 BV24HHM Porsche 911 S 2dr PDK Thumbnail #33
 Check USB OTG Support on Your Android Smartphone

==

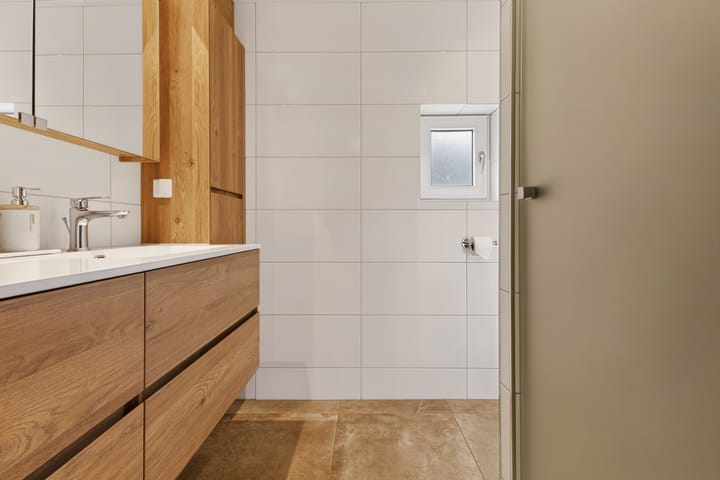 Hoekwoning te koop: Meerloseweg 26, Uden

### TASK STATEMENT
Output exactly one stretch of the listing: from the line containing "BV24HHM Porsche 911 S 2dr PDK Thumbnail #33" through the line containing "Check USB OTG", both end lines included.

### RESPONSE BOX
 BV24HHM Porsche 911 S 2dr PDK Thumbnail #33
 Check USB OTG Support on Your Android Smartphone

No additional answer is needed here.